** Data items **
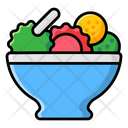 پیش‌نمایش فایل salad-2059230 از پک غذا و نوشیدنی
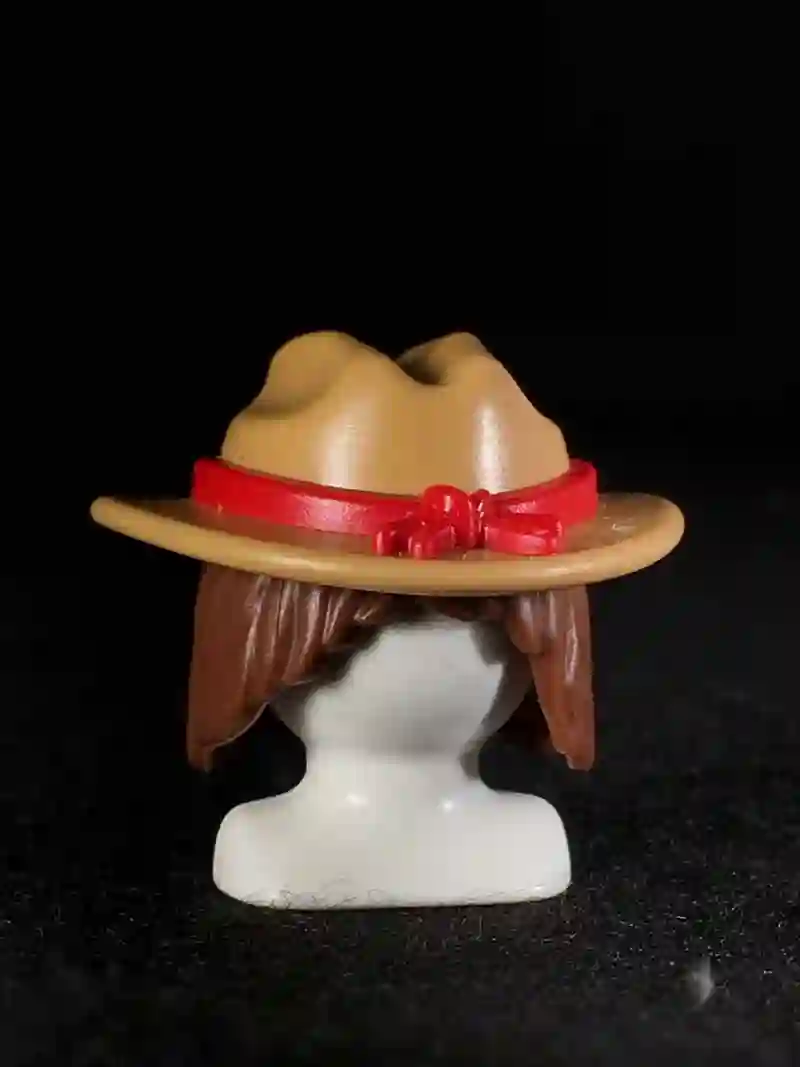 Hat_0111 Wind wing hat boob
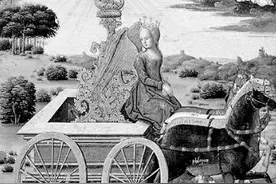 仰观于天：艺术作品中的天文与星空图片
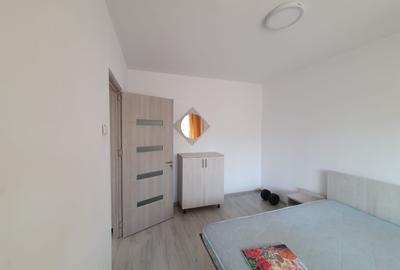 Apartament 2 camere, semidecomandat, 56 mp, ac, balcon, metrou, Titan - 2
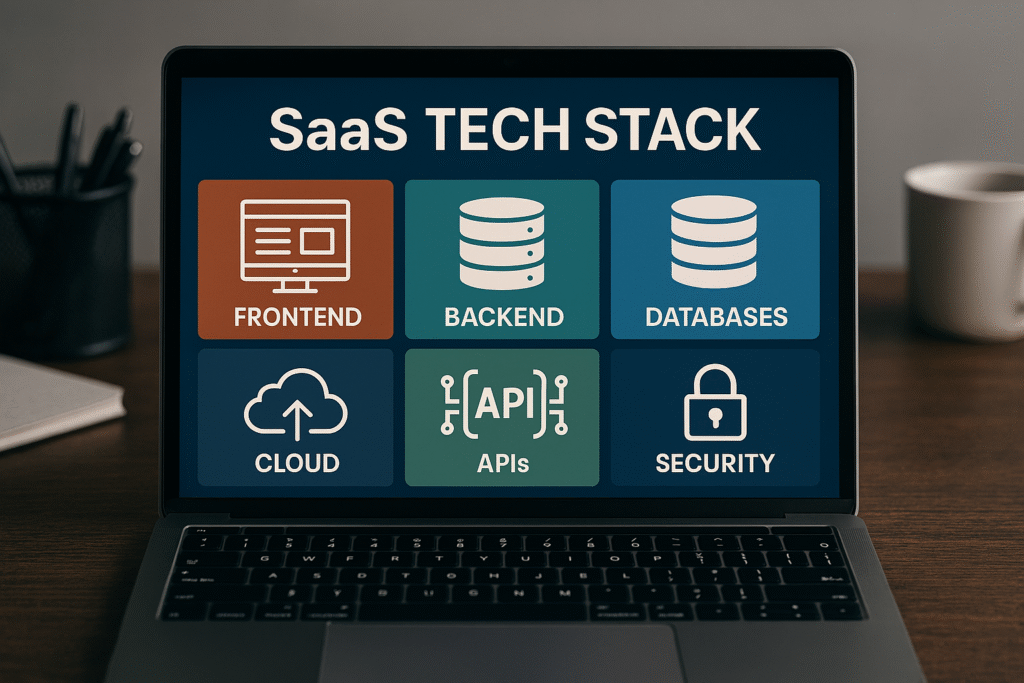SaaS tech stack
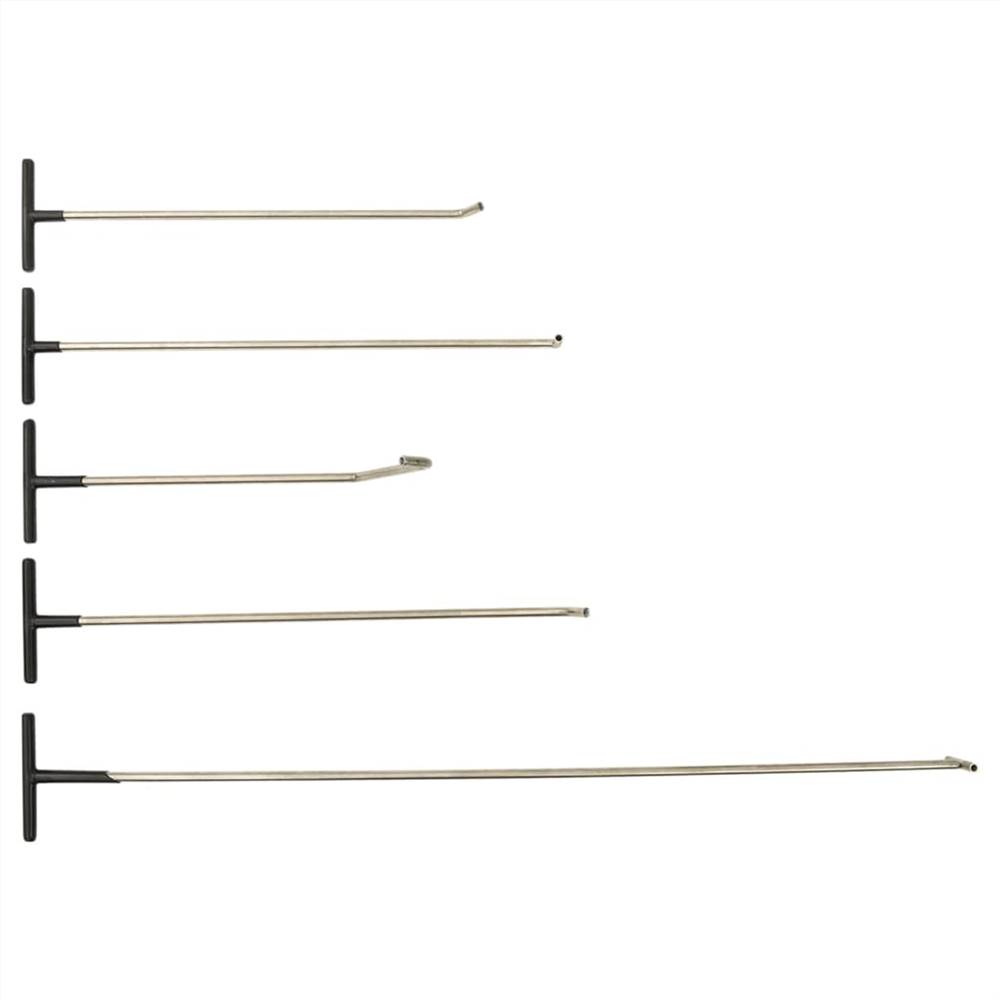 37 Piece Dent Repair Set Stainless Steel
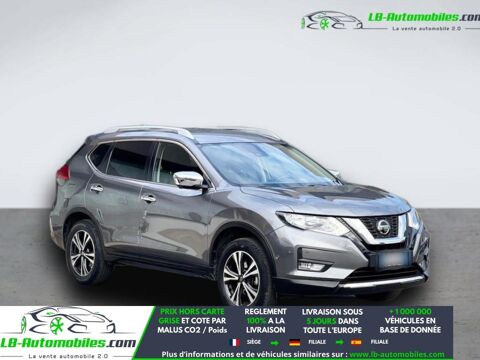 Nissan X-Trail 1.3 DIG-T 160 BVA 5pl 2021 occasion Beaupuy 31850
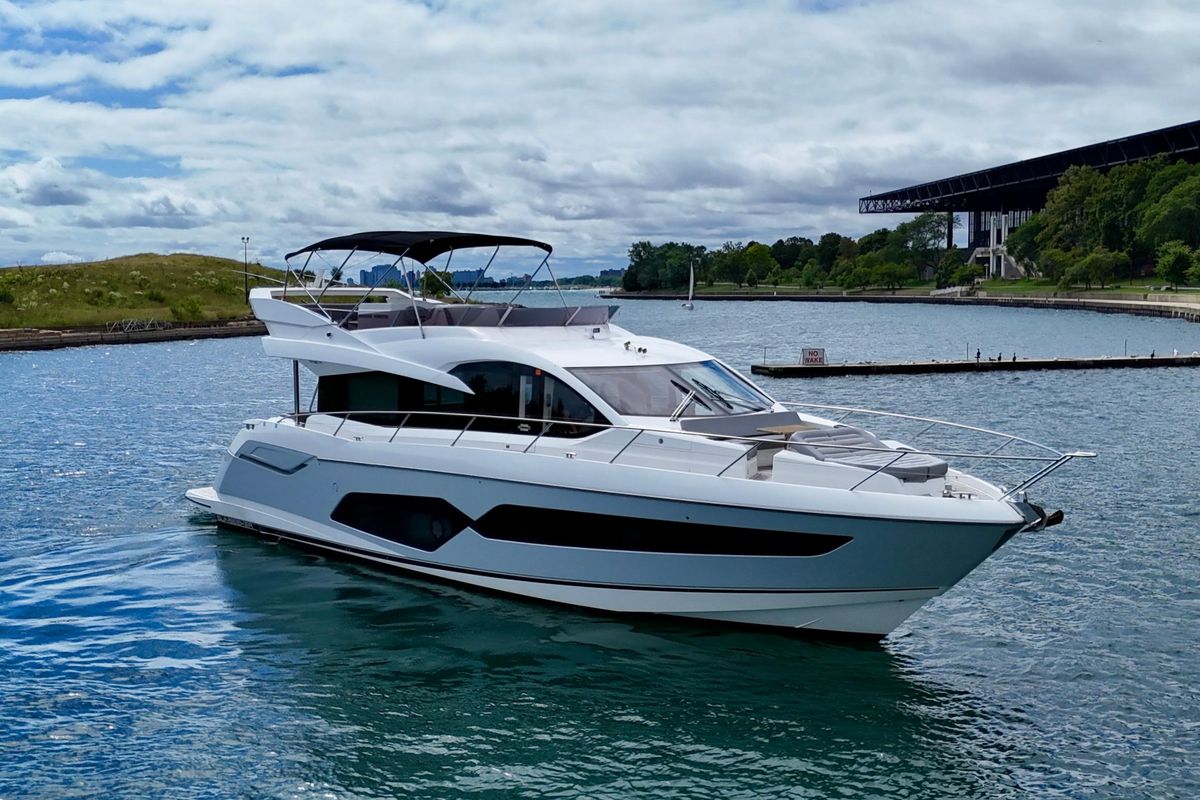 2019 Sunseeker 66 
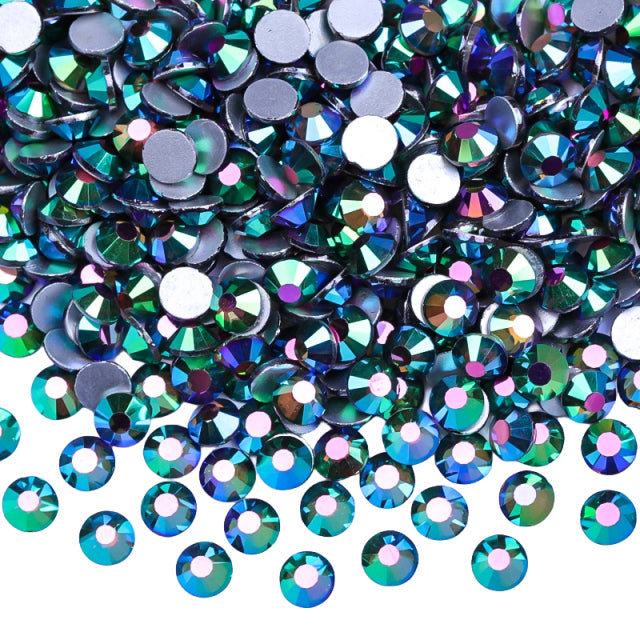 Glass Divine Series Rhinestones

** WHAT YOU NEED TO DO **
Your task is to set down exactly the lines that run from the line holding "Apartament 2 camere, semidecomandat, 56" through the close of the entries, including both ends. Pictures stay out.

** SOLUTION BELOW **
 Apartament 2 camere, semidecomandat, 56 mp, ac, balcon, metrou, Titan - 2
SaaS tech stack
 37 Piece Dent Repair Set Stainless Steel
 Nissan X-Trail 1.3 DIG-T 160 BVA 5pl 2021 occasion Beaupuy 31850
 2019 Sunseeker 66 
 Glass Divine Series Rhinestones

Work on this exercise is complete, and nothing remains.